Italien: Die RAI hat am 31. Dezember 2011 ihre noch verbliebenen Programmangebote für das Ausland eingestellt. Beim Hörfunk betrifft dies das erstmals 1952 ausgestrahlte Nachtprogramm Notturno Italiano. Seit im Jahre 2002 am Senderstandort Santa Palomba bei Rom ein Betriebsverbot gegen die 1200 kW starke Mittelwelle 846 kHz verhängt wurde, lief es über die Frequenzen Neapel 657 kHz, Mailand 900 kHz und die Romer Stadtfrequenz 1107 kHz. Zumindest vorerst bleiben diese Sender auch weiterhin die Nacht hindurch eingeschaltet. Sie übertragen dabei jetzt Radiouno, das bislang zwischen 0.00-6.00 Uhr Ortszeit nur auf UKW ausgestrahlt wurde.
Notturno Italiano enthielt bis zuletzt Nachrichten in englischer und französischer Sprache. Sie waren ein letzter Rest des Auslandshörfunks der RAI, der 2007 entfiel, nachdem die damalige italienische Regierung ihn nicht mehr weiter finanzierte. Bis dahin wurde für Notturno Italiano auch einer der Kurzwellensender in Prato Smeraldo bei Rom auf 6060 kHz eingeschaltet. Die Übertragung in der Nacht zum 1. Oktober 2007 bis 6.00 Uhr dürfte die letzte Ausstrahlung dieser Anlage überhaupt gewesen sein. Gleichzeitig entfielen in Notturno Italiano die bis dahin dort ebenfalls angebotenen Nachrichten auf Deutsch. (Kai Ludwig 15.1.2012 RBB)

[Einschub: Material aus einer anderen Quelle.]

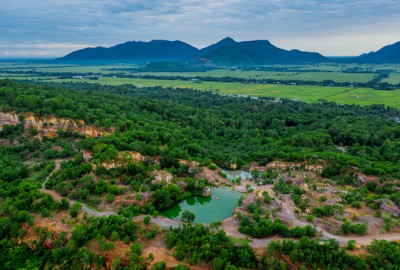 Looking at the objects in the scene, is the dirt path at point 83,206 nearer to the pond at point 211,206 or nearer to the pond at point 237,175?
the pond at point 211,206

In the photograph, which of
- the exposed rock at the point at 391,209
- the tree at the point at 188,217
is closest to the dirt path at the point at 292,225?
the tree at the point at 188,217

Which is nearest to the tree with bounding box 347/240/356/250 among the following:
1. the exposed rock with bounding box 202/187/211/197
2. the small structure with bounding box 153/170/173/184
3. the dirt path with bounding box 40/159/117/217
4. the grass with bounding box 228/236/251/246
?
the grass with bounding box 228/236/251/246

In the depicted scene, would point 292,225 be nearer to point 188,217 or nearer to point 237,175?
point 188,217

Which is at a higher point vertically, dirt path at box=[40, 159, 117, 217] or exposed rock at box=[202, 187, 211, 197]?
dirt path at box=[40, 159, 117, 217]

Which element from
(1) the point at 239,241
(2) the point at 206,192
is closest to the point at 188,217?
(1) the point at 239,241

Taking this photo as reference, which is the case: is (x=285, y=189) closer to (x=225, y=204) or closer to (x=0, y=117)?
(x=225, y=204)

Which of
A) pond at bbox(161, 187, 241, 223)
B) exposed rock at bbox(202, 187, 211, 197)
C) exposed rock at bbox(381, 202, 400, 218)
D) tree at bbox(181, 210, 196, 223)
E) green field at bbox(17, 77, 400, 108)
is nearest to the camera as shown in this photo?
tree at bbox(181, 210, 196, 223)

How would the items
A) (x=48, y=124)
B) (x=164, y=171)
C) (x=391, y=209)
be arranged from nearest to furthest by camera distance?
(x=391, y=209) → (x=164, y=171) → (x=48, y=124)

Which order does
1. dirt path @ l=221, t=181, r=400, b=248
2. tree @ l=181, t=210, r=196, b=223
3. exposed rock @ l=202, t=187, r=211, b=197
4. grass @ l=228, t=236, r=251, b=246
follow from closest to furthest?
grass @ l=228, t=236, r=251, b=246
dirt path @ l=221, t=181, r=400, b=248
tree @ l=181, t=210, r=196, b=223
exposed rock @ l=202, t=187, r=211, b=197

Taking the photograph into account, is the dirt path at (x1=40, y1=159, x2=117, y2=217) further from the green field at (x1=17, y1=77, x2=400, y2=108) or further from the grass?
the green field at (x1=17, y1=77, x2=400, y2=108) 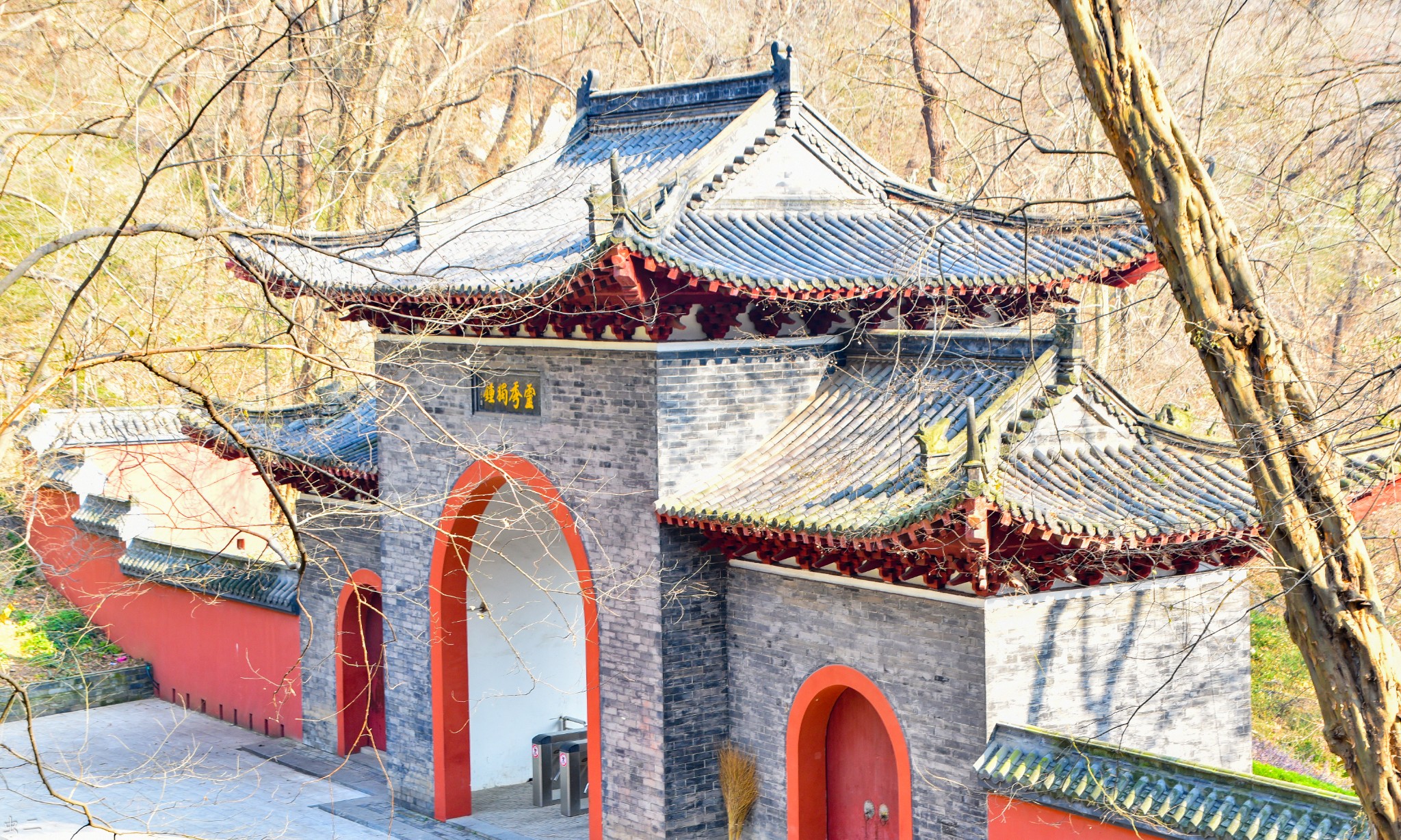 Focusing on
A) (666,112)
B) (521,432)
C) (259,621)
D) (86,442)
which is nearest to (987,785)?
(521,432)

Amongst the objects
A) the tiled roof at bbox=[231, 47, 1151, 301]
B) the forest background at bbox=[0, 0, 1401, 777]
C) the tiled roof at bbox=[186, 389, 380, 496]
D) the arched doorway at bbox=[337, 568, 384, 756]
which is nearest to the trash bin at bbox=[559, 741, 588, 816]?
the arched doorway at bbox=[337, 568, 384, 756]

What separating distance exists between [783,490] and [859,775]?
2053 millimetres

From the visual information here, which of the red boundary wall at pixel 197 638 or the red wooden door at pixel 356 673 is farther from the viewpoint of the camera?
the red boundary wall at pixel 197 638

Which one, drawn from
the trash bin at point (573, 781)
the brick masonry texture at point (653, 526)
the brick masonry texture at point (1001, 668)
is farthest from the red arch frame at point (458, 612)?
the brick masonry texture at point (1001, 668)

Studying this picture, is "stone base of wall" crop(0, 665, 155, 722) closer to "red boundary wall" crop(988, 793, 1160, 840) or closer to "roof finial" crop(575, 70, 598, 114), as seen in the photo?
"roof finial" crop(575, 70, 598, 114)

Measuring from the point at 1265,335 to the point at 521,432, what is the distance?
6512mm

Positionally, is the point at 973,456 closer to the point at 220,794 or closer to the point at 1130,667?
the point at 1130,667

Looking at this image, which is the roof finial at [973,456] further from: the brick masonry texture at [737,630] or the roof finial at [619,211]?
the roof finial at [619,211]

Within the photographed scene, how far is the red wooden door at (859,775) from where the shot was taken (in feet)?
30.2

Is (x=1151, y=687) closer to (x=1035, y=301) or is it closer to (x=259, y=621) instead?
(x=1035, y=301)

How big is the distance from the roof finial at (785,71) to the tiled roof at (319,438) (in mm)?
4709

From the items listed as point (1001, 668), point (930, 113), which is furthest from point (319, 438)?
point (930, 113)

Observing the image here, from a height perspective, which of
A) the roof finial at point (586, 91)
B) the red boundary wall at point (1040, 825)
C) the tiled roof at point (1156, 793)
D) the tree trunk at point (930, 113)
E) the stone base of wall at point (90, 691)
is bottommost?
the stone base of wall at point (90, 691)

Luxemburg: Seit Dezember 2011 ist die luxemburgische Mittelwelle 1440 kHz auch tagsüber in Betrieb, nachdem der Sender bislang 09.00-18.00 Uhr Ortszeit abgeschaltet war. Ausgestrahlt wird das in Luxemburg produzierte RTL-Radio, das zuletzt nur noch in geringem Umfang als Mantel für die Sendungen verschiedener Missionswerke fungierte, die schon seit Jahrzehnten morgens und am frühen Abend auf 1440 kHz laufen.
Eine Zeitlang strebte RTL eine digitale Nutzung der Frequenz an und nahm hierfür 2004 eine neue Senderanlage in Betrieb. Die entsprechenden Ausstrahlungen wurden jedoch Anfang 2011 wieder eingestellt. Alle Übertragungen von RTL-Radio, den Missionswerken, von China Radio International sowie vom Korean Broadcasting System laufen seitdem wieder in klassischer analoger Form. (Kai Ludwig 12.1.2012 DXLD)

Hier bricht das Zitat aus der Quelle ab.